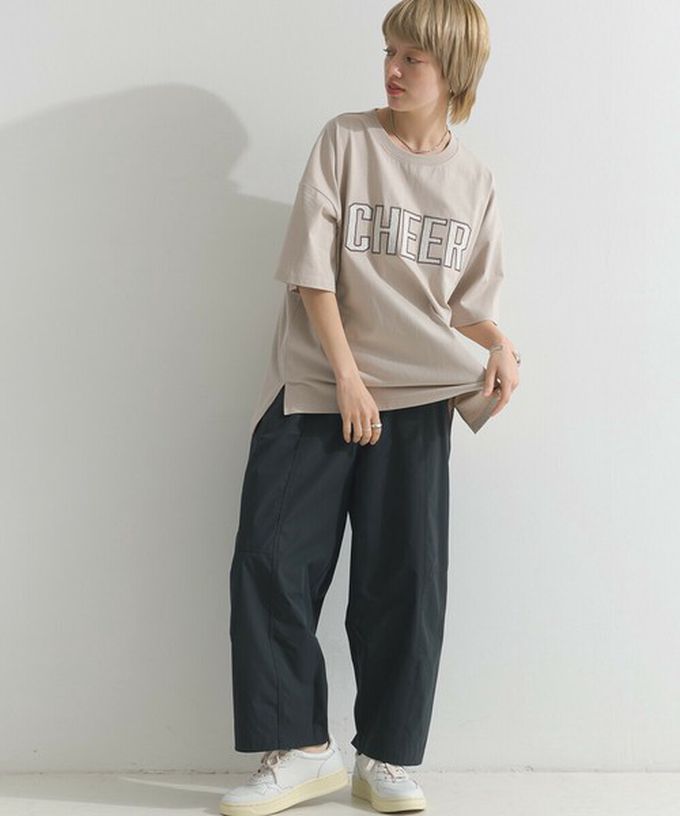 日本 le colis - 天竺棉蕾絲CHEER落肩短袖上衣-灰棕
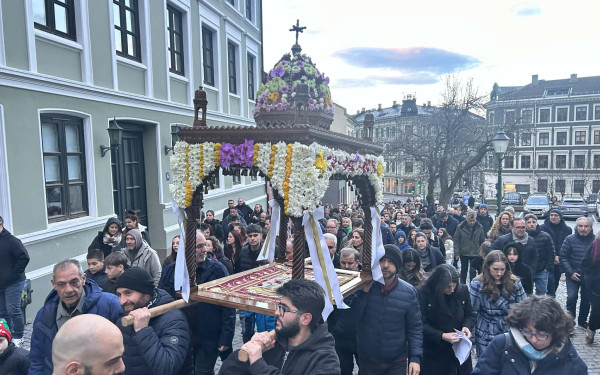 Επιτάφιος, μαγειρίτσα και αρνί - Οι Έλληνες της Νορβηγίας κρατάνε το Πάσχα «ζωντανό»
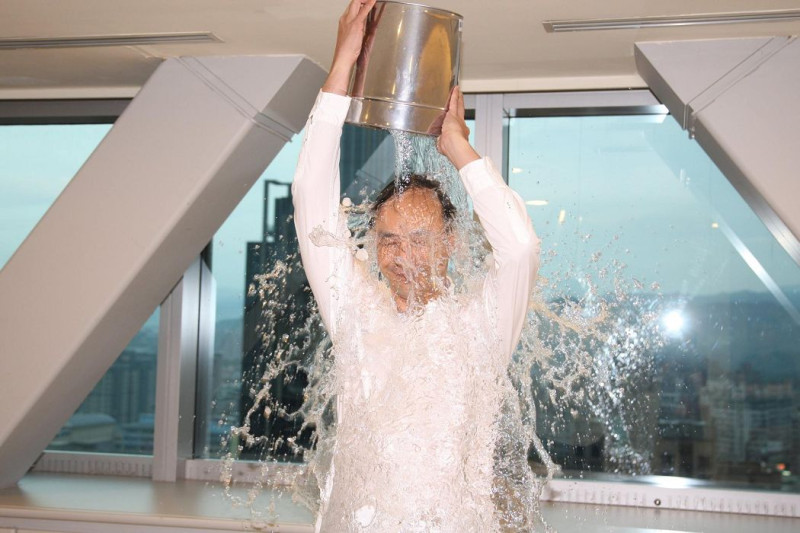 新北市長朱立倫昨天接下國民黨台北市長參選人連勝文的「冰桶挑戰」，並於今（19）日上午在臉書公開淋冰水的照片。圖：翻攝自朱立倫臉書   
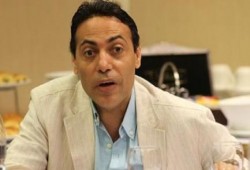 بالفيديو .. الغيطي يستمر في نشر أكاذيب المخابرات : السيسي حاصر الأسطول الأمريكي وأسر قيادت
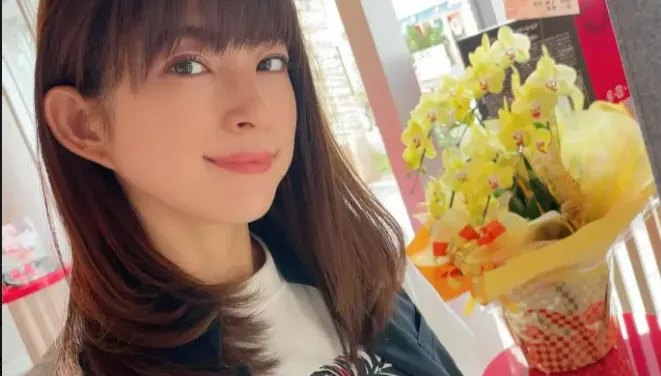 曾因出軌逼死老公！上原多香子「再婚又偷吃」被家暴…帶孩投靠企業家小王
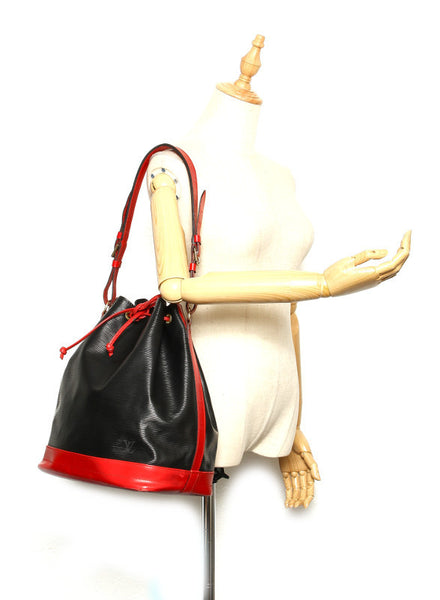 ルイ ヴィトン エピ ノエ M44017 ブラック レッド レザー ショルダーバッグ レディース LOUIS VUITTON 中古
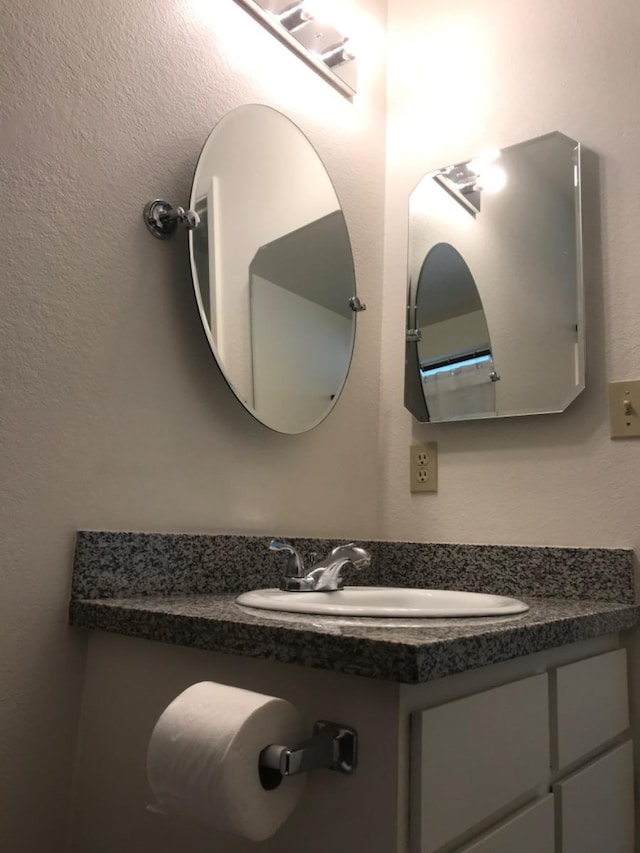 bathroom featuring a sink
----
Each record should be printed exactly as it appears, leaving the pictures out.

 日本 le colis - 天竺棉蕾絲CHEER落肩短袖上衣-灰棕
 Επιτάφιος, μαγειρίτσα και αρνί - Οι Έλληνες της Νορβηγίας κρατάνε το Πάσχα «ζωντανό»
 新北市長朱立倫昨天接下國民黨台北市長參選人連勝文的「冰桶挑戰」，並於今（19）日上午在臉書公開淋冰水的照片。圖：翻攝自朱立倫臉書   
 بالفيديو .. الغيطي يستمر في نشر أكاذيب المخابرات : السيسي حاصر الأسطول الأمريكي وأسر قيادت
 曾因出軌逼死老公！上原多香子「再婚又偷吃」被家暴…帶孩投靠企業家小王
 ルイ ヴィトン エピ ノエ M44017 ブラック レッド レザー ショルダーバッグ レディース LOUIS VUITTON 中古
 bathroom featuring a sink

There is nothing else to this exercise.